**Supplied information:**
=== Begin Enclosure ===

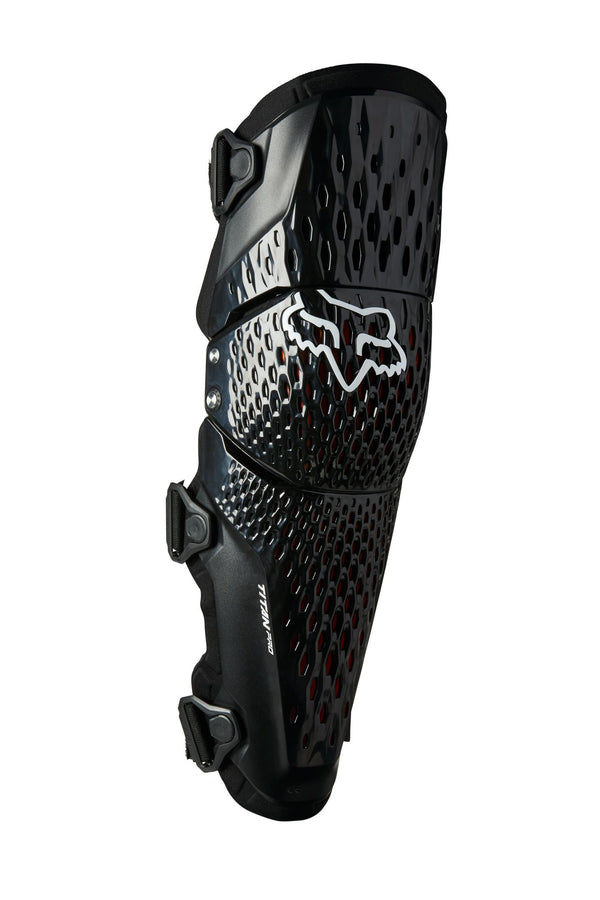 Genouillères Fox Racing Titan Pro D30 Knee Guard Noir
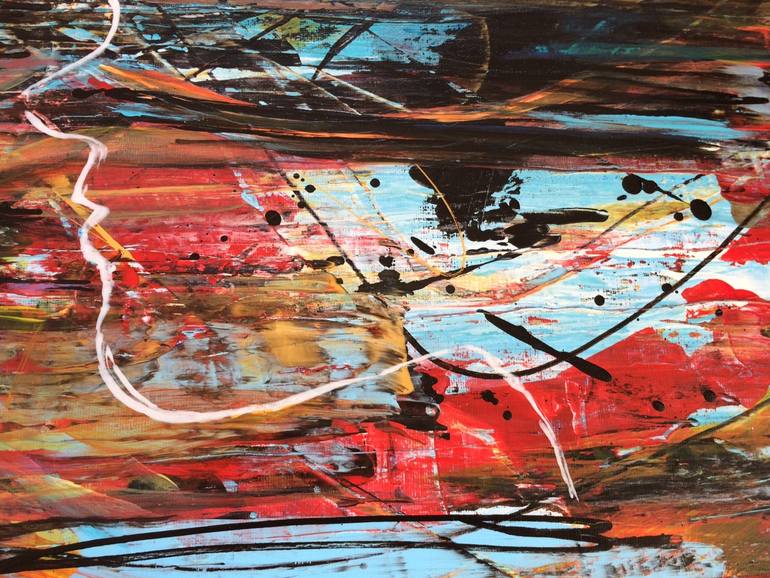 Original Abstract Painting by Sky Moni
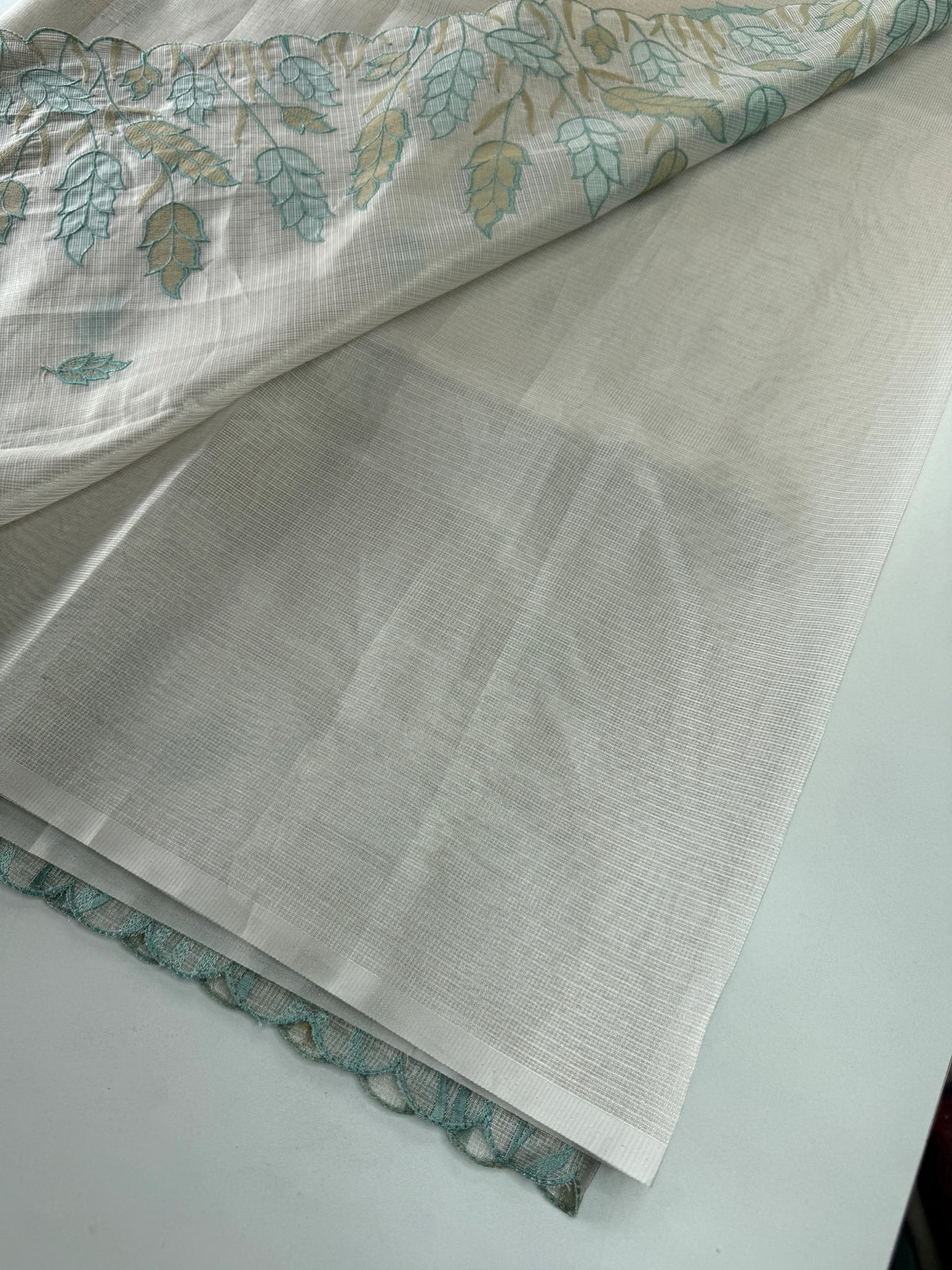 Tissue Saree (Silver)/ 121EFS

=== End Enclosure ===
=== Begin Enclosure ===

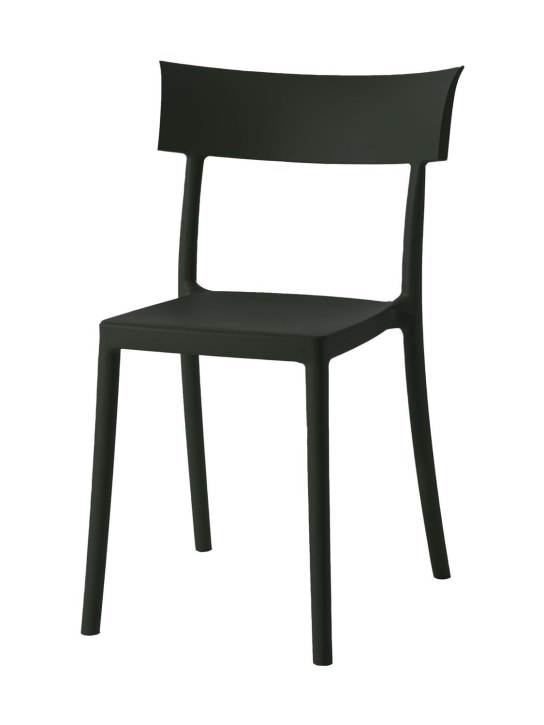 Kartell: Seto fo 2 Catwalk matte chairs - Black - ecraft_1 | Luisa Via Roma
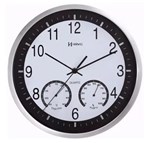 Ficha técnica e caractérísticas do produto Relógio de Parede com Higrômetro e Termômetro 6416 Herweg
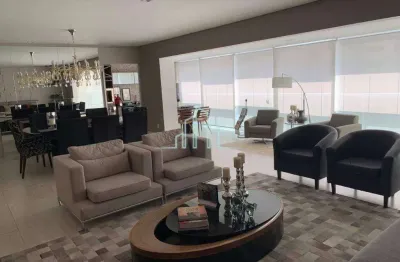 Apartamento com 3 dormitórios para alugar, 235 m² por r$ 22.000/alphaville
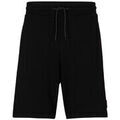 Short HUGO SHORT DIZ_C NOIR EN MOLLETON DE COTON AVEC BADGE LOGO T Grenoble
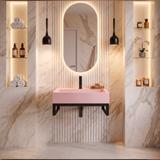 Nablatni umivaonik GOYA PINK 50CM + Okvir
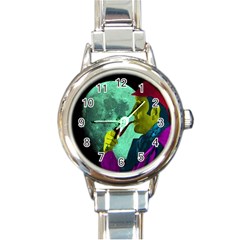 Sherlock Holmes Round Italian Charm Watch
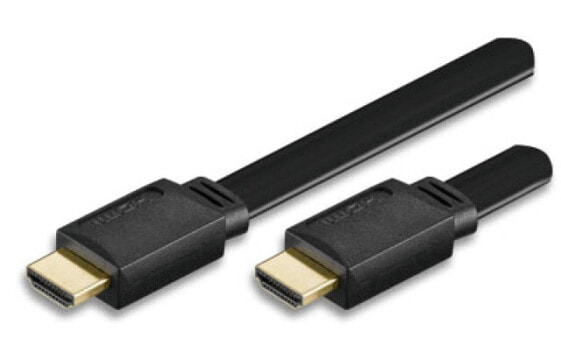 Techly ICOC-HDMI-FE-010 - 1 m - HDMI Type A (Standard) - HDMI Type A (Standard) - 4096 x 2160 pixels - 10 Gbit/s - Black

=== End Enclosure ===
=== Begin Enclosure ===

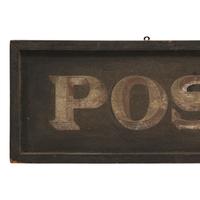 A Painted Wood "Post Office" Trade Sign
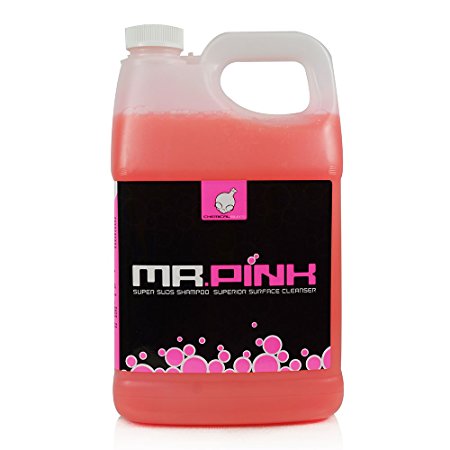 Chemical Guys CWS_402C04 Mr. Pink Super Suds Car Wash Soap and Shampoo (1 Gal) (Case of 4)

=== End Enclosure ===

Look back over the records above. Reproduce exactly everything from the line with "Original Abstract Painting by Sky Moni" down to the line with "Tissue Saree (Silver)/ 121EFS", inclusive, and leave the pictures out.

**Answer for the task:**
 Original Abstract Painting by Sky Moni
 Tissue Saree (Silver)/ 121EFS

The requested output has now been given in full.